Why Businesses Use Purchase Order Financing
The main advantage of purchase order financing is that it enables companies to accept larger orders without tying up their internal liquidity.
Instead of declining opportunities due to limited working capital, businesses can use external funding to keep their supply chain moving.
This structure helps businesses:
- maintain supplier relationships through timely payments
- fulfill large customer orders confidently
- preserve internal capital for operations and growth
When structured properly, purchase order financing becomes a strategic tool for managing growth.
Key Considerations Before Using Purchase Order Financing
Purchase order financing works best when a business has confirmed customer orders but needs capital to pay suppliers and fulfill those orders.
It works best if your order terms are clear, your suppliers require advance payment, and your customers take time to pay after delivery.
If your cash is tied up but demand is growing, purchase order financing can help you take on larger orders without straining working capital.
Frequently Asked Questions
What is the purchase order financing process?
Purchase order financing is used when a business places an order with a supplier but needs funding to pay upfront. Instead of using its own working capital, the business shares the supplier invoice with a financing provider.
The financing provider pays the supplier directly on behalf of the business, ensuring the order moves forward without delay.
Once the goods are received and sold, the business repays the financing provider within the agreed credit period.
When should a business use purchase order financing?
Purchase order financing is used when businesses need to pay suppliers upfront but want to preserve working capital.
It is common in industries such as manufacturing, wholesale, consumer goods, and international trade, where suppliers require advance payment before shipping goods.

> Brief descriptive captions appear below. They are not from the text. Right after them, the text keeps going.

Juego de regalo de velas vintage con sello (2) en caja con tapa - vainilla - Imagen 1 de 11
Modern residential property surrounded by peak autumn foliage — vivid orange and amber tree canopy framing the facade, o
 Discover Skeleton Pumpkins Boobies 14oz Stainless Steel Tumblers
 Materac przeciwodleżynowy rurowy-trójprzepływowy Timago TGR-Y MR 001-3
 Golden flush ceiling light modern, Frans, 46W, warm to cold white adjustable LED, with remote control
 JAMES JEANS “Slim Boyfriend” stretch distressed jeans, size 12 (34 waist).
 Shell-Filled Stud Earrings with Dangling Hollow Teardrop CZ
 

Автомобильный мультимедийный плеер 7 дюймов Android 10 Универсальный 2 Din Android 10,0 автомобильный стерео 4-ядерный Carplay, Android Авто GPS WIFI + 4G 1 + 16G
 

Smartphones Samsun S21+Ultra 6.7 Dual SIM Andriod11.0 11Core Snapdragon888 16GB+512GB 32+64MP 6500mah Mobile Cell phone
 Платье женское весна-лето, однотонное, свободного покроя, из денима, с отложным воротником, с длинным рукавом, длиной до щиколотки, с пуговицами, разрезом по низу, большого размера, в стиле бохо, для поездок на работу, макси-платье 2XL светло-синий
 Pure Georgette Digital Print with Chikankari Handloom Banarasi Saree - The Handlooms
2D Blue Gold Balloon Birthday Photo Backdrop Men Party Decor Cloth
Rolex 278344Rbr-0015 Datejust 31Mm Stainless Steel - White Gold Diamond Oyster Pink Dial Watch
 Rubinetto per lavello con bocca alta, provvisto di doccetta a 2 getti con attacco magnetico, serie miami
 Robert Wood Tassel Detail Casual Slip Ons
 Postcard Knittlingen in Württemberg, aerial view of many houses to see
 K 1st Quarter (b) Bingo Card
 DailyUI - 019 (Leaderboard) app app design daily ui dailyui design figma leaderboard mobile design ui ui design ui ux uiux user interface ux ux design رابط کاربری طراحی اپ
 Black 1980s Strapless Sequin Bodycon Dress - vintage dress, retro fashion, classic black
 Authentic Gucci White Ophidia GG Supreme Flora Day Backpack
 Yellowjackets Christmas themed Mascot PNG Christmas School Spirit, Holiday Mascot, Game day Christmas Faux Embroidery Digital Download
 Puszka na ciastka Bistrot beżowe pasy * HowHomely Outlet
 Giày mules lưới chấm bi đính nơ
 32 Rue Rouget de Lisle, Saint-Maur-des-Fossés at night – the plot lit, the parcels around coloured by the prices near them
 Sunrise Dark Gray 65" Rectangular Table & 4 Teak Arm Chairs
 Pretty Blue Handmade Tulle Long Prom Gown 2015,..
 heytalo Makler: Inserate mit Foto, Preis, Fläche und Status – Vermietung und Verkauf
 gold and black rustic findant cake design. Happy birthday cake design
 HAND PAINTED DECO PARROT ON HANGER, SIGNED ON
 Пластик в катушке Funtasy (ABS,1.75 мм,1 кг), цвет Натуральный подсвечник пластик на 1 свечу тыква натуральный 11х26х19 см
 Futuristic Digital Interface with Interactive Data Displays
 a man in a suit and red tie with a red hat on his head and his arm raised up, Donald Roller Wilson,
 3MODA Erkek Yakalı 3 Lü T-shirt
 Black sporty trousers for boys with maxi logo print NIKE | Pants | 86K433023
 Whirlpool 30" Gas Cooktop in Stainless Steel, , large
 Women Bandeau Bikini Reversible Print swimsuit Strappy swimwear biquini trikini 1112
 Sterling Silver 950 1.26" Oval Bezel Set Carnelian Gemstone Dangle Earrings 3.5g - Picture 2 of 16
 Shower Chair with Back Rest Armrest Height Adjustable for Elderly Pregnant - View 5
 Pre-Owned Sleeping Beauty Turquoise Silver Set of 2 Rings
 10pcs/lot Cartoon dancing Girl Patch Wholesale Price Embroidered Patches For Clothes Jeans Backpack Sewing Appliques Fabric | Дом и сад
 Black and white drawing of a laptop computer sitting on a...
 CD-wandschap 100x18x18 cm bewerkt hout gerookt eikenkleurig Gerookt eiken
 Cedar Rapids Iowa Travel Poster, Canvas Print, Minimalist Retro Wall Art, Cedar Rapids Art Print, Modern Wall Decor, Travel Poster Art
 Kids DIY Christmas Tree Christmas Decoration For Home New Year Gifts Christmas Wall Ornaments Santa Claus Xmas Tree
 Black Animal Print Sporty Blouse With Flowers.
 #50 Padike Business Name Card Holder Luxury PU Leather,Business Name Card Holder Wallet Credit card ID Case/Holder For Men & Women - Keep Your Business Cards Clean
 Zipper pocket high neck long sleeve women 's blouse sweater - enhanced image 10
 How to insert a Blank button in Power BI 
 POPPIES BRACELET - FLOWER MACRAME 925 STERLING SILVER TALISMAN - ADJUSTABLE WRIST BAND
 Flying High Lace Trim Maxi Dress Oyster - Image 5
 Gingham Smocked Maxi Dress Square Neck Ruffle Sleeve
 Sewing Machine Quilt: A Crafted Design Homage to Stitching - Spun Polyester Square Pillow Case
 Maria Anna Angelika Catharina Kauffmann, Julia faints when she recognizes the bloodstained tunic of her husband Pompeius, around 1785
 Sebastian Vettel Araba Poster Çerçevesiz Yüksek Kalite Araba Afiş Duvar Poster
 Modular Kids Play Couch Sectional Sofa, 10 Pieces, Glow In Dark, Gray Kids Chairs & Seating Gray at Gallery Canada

How long does purchase order financing take?
The approval timeline for purchase order financing varies depending on the financing provider and the complexity of the transaction. In many cases, once the purchase order and supplier details are verified, funding for supplier payments can be arranged within hours.
Is purchase order financing a loan?
Purchase order financing is different from a traditional loan. Instead of providing a lump sum of capital, the financing provider funds specific supplier payments related to a confirmed purchase order.
What are the requirements for purchase order financing?
Purchase order financing usually requires a confirmed purchase order from a creditworthy buyer and a reliable supplier capable of fulfilling the order.
Financing providers typically evaluate the reliability and creditworthiness of the buyer, the supplier’s ability to produce and deliver the goods, production and shipping timelines.